REQUIREMENT →
An exact transcription is needed of the lines below from the one with "and organelles stay" through the one with "Ubiquitin Conjugating Enzyme", with no other lines and no pictures.

RECORD EXTRACTS →

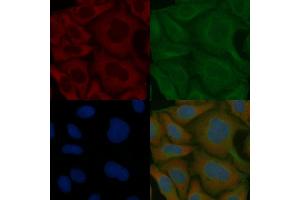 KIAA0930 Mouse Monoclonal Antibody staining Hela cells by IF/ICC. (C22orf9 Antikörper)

--

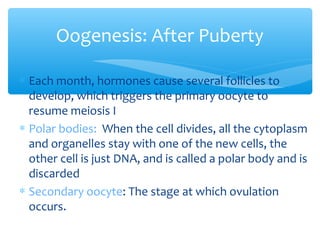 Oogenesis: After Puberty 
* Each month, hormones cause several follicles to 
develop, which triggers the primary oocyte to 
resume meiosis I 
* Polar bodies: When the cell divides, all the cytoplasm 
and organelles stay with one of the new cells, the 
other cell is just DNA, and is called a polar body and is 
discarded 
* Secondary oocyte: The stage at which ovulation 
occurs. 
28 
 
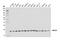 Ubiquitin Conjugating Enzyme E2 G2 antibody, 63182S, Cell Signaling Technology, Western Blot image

EXERCISE RESULT →
and organelles stay with one of the new cells, the 
other cell is just DNA, and is called a polar body and is 
discarded 
* Secondary oocyte: The stage at which ovulation 
occurs. 
28 
 
 Ubiquitin Conjugating Enzyme E2 G2 antibody, 63182S, Cell Signaling Technology, Western Blot image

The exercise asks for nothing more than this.